Step 1: Build the base - Place the beef stew meat directly into the bottom of your slow cooker. Sprinkle evenly with salt and black pepper. Add the diced onion, carrots, and potatoes on top, spreading them out so everything cooks evenly.
Step 2: Mix the sauce - In a medium bowl, whisk together the tomato paste, flour, root beer, beef broth, Worcestershire sauce, soy sauce, brown sugar, dried thyme, and smoked paprika. Take a minute to make sure the tomato paste is fully blended so the sauce is smooth.
Step 3: Combine and cook - Pour the sauce mixture over the beef and vegetables in the slow cooker. Add the bay leaves, nestling them into the liquid. Cover with the lid and cook on low for 8 hours or high for 4 hours until the beef is tender and the potatoes are cooked through.

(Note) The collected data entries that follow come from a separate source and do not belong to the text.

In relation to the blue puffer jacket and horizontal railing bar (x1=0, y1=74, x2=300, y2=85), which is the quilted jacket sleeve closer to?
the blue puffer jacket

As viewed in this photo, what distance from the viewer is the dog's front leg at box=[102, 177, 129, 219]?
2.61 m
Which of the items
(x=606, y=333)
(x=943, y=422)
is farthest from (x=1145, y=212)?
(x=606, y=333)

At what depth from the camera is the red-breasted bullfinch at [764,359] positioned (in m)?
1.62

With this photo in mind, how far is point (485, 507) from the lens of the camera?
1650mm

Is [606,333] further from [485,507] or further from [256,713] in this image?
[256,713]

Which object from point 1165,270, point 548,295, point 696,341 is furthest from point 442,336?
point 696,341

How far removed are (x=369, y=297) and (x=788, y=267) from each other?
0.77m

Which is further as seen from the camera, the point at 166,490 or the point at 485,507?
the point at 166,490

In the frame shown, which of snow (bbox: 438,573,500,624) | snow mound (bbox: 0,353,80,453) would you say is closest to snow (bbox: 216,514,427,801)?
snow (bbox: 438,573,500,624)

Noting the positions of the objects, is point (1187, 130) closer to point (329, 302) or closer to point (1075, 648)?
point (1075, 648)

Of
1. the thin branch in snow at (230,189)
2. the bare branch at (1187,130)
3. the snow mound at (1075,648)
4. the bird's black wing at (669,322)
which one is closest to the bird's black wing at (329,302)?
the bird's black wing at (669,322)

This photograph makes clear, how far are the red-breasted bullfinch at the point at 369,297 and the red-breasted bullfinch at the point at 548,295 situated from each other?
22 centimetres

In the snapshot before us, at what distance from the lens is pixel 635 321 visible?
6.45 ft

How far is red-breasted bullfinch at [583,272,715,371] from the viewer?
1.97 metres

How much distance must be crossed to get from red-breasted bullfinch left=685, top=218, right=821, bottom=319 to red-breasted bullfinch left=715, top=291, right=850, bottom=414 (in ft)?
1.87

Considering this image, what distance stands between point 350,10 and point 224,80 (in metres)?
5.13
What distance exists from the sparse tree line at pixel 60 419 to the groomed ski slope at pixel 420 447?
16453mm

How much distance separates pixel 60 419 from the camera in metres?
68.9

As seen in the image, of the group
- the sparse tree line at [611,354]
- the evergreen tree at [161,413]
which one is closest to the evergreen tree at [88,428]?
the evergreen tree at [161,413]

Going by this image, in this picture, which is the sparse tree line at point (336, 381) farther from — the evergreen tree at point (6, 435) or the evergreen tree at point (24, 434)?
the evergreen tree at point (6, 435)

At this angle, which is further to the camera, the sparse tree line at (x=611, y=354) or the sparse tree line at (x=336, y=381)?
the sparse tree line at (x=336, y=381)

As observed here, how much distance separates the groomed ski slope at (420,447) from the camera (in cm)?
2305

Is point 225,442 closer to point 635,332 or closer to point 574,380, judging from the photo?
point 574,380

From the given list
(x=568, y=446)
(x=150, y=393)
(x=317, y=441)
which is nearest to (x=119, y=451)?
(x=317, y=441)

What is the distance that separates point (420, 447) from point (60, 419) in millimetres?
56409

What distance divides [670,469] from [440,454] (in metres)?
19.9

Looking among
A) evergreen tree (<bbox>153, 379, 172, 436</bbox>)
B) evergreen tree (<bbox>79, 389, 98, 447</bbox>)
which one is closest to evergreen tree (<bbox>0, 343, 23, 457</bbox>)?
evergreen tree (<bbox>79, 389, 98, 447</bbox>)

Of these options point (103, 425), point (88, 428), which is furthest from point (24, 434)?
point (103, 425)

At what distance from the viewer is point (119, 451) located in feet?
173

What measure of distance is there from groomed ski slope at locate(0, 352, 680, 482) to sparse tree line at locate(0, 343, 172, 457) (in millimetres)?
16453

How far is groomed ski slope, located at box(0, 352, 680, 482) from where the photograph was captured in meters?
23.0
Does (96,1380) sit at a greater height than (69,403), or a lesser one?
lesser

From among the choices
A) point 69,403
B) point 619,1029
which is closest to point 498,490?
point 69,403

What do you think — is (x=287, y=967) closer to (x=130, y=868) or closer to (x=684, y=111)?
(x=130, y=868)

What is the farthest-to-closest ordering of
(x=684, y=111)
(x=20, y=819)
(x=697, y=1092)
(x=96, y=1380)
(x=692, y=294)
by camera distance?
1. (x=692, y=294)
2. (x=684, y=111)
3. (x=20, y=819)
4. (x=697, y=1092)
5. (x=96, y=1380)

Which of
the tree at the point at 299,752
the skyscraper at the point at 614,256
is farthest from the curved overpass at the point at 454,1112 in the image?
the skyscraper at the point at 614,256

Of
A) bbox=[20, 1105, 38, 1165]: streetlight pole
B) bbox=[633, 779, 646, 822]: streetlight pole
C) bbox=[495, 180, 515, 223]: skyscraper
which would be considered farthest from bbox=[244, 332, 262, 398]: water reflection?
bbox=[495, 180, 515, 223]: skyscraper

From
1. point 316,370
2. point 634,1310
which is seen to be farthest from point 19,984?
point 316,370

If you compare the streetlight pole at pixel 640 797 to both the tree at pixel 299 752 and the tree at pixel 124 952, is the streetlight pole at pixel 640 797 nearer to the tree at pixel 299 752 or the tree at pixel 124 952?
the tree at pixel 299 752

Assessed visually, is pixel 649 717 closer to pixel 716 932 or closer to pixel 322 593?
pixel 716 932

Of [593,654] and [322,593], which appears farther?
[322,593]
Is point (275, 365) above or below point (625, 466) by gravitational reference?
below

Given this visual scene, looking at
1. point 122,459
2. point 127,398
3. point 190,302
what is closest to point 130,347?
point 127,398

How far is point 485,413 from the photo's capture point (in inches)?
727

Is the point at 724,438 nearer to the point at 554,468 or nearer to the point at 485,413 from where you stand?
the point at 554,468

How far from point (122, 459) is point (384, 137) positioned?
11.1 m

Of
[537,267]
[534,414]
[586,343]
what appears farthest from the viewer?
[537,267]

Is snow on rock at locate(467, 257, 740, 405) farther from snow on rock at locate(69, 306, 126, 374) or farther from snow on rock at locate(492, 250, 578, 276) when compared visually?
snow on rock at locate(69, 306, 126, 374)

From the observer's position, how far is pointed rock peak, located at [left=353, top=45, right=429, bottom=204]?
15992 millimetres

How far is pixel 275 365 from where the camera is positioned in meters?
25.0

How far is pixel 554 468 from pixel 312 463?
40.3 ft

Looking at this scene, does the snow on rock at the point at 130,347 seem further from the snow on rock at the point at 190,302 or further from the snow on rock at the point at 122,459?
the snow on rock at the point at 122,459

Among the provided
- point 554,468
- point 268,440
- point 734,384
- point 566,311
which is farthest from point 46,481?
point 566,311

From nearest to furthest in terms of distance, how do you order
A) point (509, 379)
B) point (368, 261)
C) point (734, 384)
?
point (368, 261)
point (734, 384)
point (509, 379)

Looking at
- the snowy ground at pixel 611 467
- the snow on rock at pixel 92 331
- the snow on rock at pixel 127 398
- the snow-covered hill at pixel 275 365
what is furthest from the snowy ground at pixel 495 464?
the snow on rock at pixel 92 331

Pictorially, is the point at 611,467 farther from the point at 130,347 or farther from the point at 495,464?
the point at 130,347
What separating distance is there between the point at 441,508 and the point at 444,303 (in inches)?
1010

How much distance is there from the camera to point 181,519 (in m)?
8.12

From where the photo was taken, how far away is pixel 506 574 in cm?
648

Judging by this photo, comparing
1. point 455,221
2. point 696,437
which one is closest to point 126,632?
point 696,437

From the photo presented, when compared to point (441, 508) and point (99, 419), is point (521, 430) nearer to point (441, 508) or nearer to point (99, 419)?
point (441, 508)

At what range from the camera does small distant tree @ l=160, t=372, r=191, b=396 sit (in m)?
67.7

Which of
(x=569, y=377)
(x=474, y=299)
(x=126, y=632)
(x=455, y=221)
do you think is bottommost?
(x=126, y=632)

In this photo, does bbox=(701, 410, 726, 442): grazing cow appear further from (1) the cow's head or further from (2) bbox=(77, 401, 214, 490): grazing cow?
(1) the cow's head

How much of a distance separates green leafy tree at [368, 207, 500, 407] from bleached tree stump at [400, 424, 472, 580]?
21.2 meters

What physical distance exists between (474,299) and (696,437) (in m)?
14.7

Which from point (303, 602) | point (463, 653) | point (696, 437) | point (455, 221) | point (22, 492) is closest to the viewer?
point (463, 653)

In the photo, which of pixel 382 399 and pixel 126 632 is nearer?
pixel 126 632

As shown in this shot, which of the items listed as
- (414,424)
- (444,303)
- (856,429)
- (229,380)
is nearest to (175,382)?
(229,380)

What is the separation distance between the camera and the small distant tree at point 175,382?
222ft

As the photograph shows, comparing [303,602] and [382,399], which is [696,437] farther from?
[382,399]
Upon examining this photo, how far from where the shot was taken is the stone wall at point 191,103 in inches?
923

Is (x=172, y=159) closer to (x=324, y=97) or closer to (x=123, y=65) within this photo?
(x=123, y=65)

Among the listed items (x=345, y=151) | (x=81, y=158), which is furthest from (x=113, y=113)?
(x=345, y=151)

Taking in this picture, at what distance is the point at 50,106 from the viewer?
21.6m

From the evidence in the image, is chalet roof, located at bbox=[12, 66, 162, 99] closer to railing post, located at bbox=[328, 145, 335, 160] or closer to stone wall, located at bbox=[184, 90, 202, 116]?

Step 4: Thicken the stew - About 20 minutes before serving, whisk the cornstarch and cold water together in a small bowl until smooth. Stir it into the stew, cover, and cook on high for another 15 to 20 minutes until the broth thickens slightly.
Step 5: Finish and serve - Remove the bay leaves and give the stew a good stir. Taste and adjust seasoning if needed. Ladle into bowls and sprinkle with fresh parsley before serving.